What's up with all the negativity? Is it the garden variety younger generation stuff: you know, the in-my-day we had to blahblahblah. The dyspeptic rants of a demographic in decline, watching their youth emulsify and circle down the drain. 

Or is it something more specific based on moral objections to strong coffee, tattoos and craft beer. I means, really, if ever a generation got screwed, it's the millenials.

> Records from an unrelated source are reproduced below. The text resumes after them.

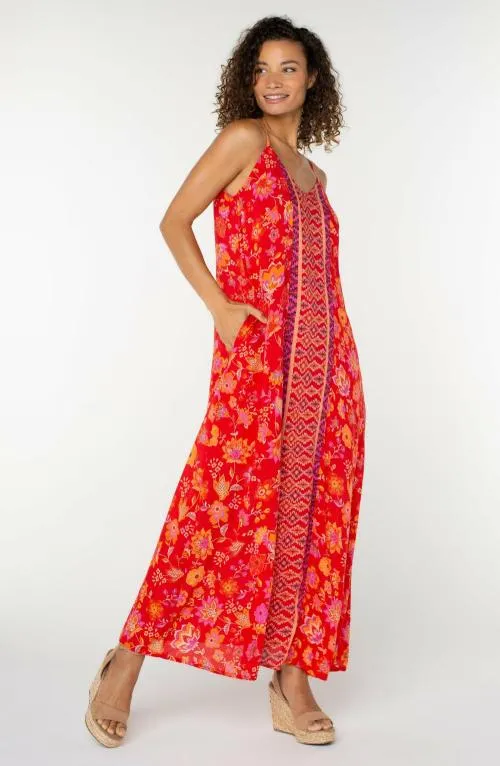 Women Dresses Liverpool Los Angeles Spaghetti Strap Woven Maxi Dress Red Orange Floral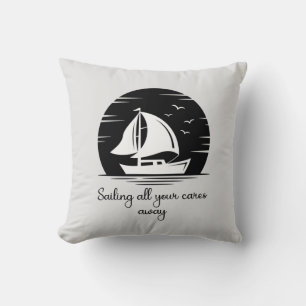 Sailing Ship Sailboat Yacht Inspirational Quote Throw Pillow
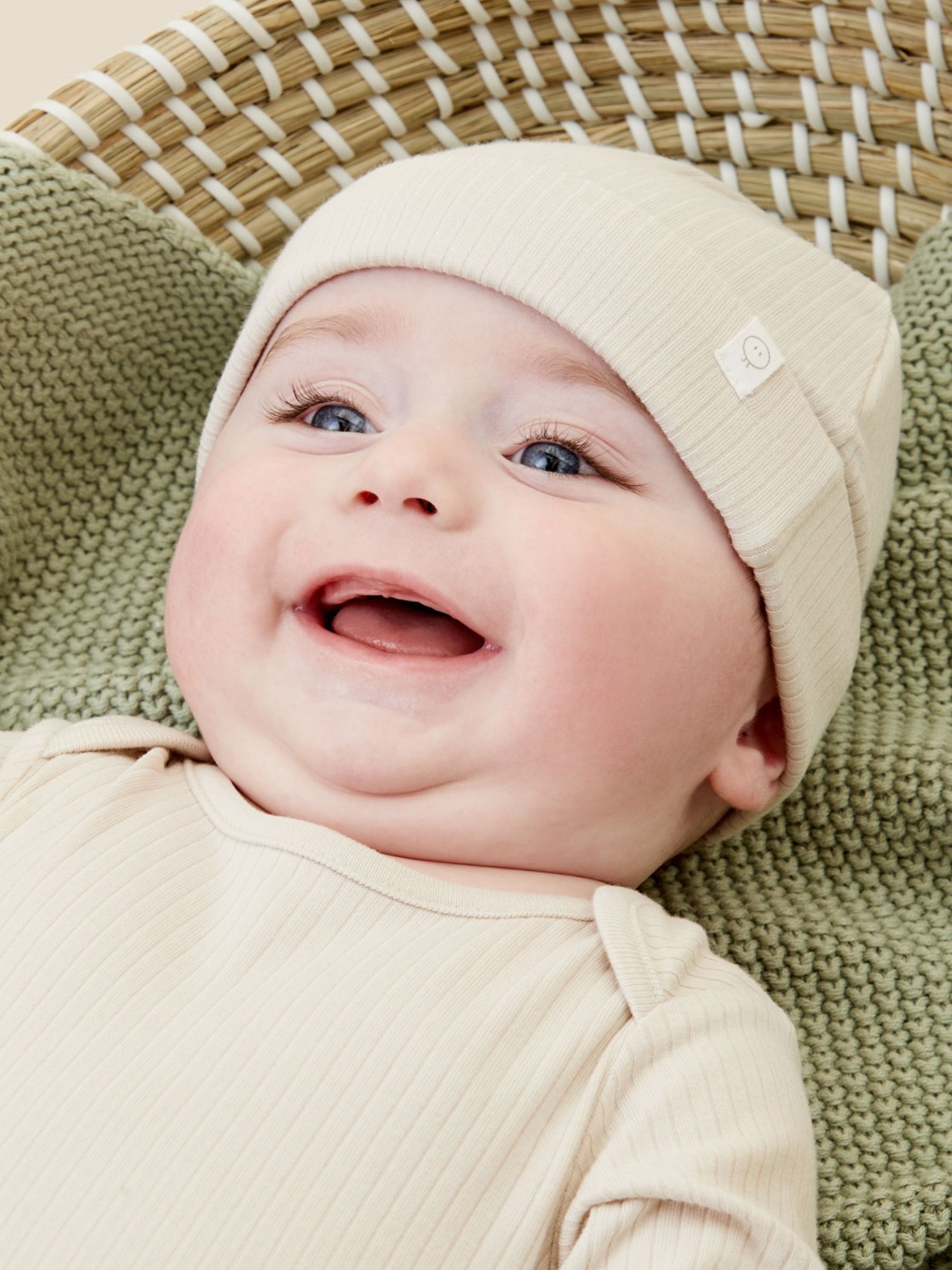 MORI Ecru Stretch Baby Hat - Image 1 of 2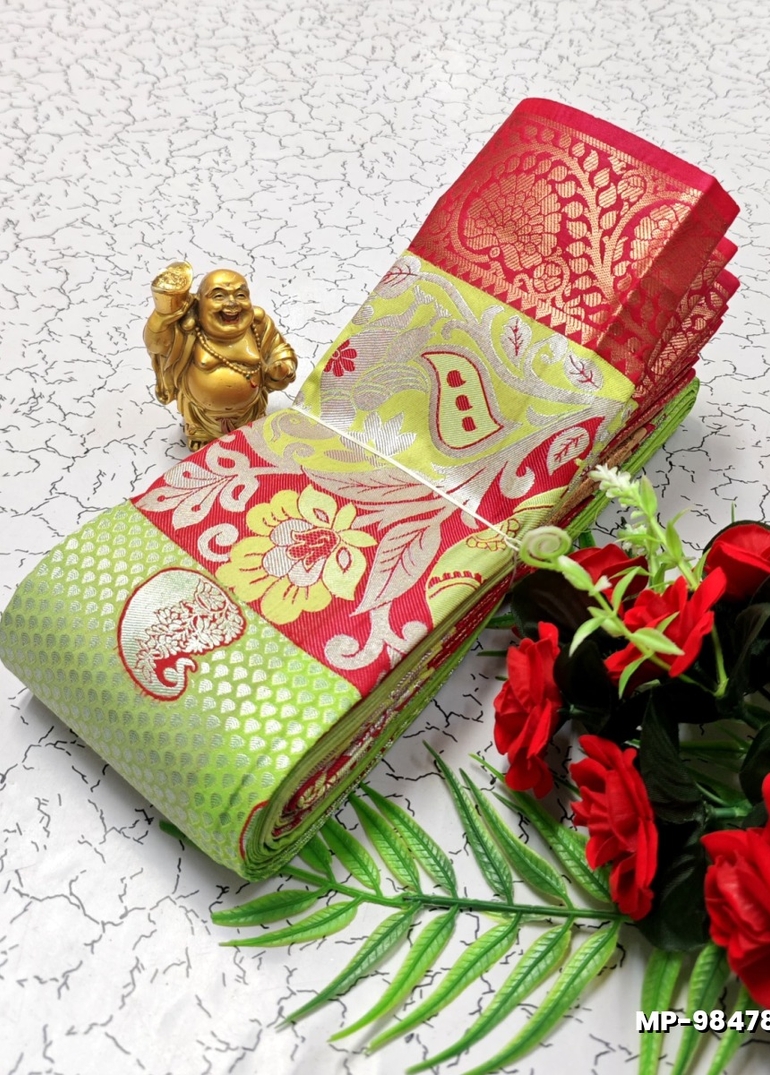 BRIDAL SILK GOLD SILVAR AND COPPER ZARI WEAVE AND WEDDING ART SILK SUBA MUHURTHA PATTU SAREES - FLORAISON GREEN (2)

The end of the post WWII western economic advantage, a humongous older demographic cohort who, if they were even inclined to go quietly into that good night are simply too numerous to do so without creating problems, and, let's be real, a financial crisis, the worst recession since the Great Depression, an ideological aversion to investment and to government services which has meant decreased support for education and increased student loan debt at precisely the moment when knowledge matters more than ever and families are least able to support themselves.

And then people are going to have the temerity to question this generation's ability to save? While they're living on their parents' couches and working three jobs because corporations are too busy paying executive bonuses and investment bankers' fees for ever more rococo financial arabesques?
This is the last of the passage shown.